Sudha Pai and Sajjan Kumar have authored a book called “Maya, Modi, Azad: Dalit Politics in the Time of Hindutva.” In this book, they provide a perceptive and thought-provoking examination of the interplay between Maya, Modi, and Azad in the realm of Dalit politics. Their analysis holds great importance in comprehending not only the dynamics of Dalit politics but also the broader democratic landscape of India, especially as we approach the highly contentious general election of 2024.
About the book
‘The book has added immensely to our understanding of the political churning in India’ – Swapan Dasgupta, Former MP Rajya Sabha and Author of Awakening Bharat Mata
‘A richly researched and insightful work. This investigates the place of Dalits in Indian politics at a time when it is dominated by Hindutva nationalism’ – Shashi Tharoor, Lok Sabha MP representing the Thiruvananthapuram constituency
‘This will benefit all those interested in knowing the inherent contradictions, compromises and complexities in Dalit sociology-political movements in contemporary India’ – Sudheendra Kulkarni, Indian Politician and Columnist
The Dalit political landscape in India offers a difficult analytical puzzle. The last decade has witnessed the decline of the Bahujan Samaj Party and identity politics, along with the shift of a section of Dalits towards the Bharatiya Janata Party and its redefined disadvantaged Hindutva, as well as protests by new Dalit organizations against atrocities and right-wing hegemony. Dalit politics today is thus marked by two contrasting trends: of political protest against but also electoral preference for the right wing.

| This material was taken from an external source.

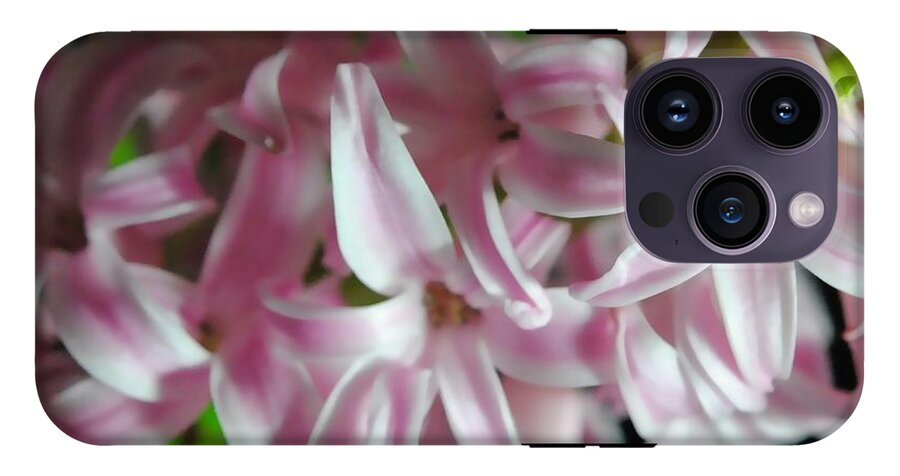 Pink Hyacinth Flower - Phone Case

The story of how the Dalit discourse has responded to the changing socio-political context unfolds against this backdrop. Maya, Modi, Azad maps these shifts with a particular focus on Uttar Pradesh. It is the state where Mayawati, who sought to create a new ‘umbrella party’ with a Dalit core, and later, Narendra Modi, who attracted a section of Dalits into the saffron fold, have shaped Dalit politics over the last two decades. It is also where a new Dalit leader, Chandrashekhar Azad, is challenging both Hindutva hegemony and the BSP, and is attempting to revive the Dalit movement.